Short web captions
+ + + +

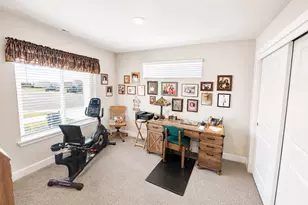 596 E Lauren Ave, Hermiston, OR 97838 - Photo 4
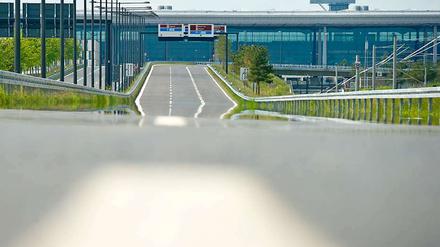 Ein aktuelles Magazin kaufen? Aber doch nicht am Flughafen!
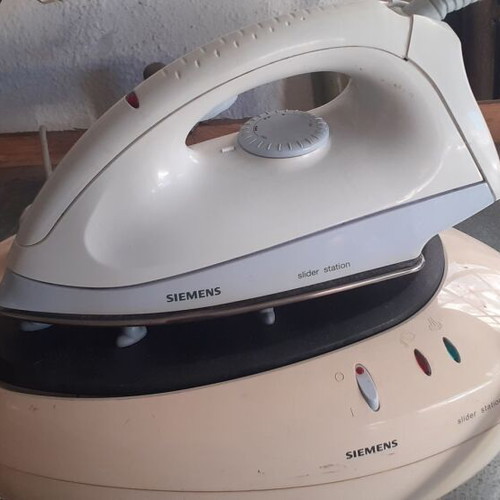 Siemens steam iron used, functional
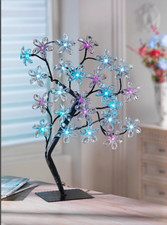 „LED-Baum "Blütenmeer"24 glasklare Blüten-Aufsätze, je mit LED weiß, blau, pink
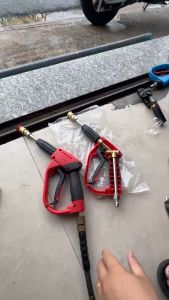 Súng rửa xe cao áp ORING. Đầu vào nối nhanh 3/8 15mm. Đầu gắn béc 1.4 đồng.Lõi kim loại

+ + + +

[What the task asks]
Your reply must contain each entry exactly as written and no pictures.

[Answer area]
 596 E Lauren Ave, Hermiston, OR 97838 - Photo 4
 Ein aktuelles Magazin kaufen? Aber doch nicht am Flughafen!
 Siemens steam iron used, functional
 „LED-Baum "Blütenmeer"24 glasklare Blüten-Aufsätze, je mit LED weiß, blau, pink
 Súng rửa xe cao áp ORING. Đầu vào nối nhanh 3/8 15mm. Đầu gắn béc 1.4 đồng.Lõi kim loại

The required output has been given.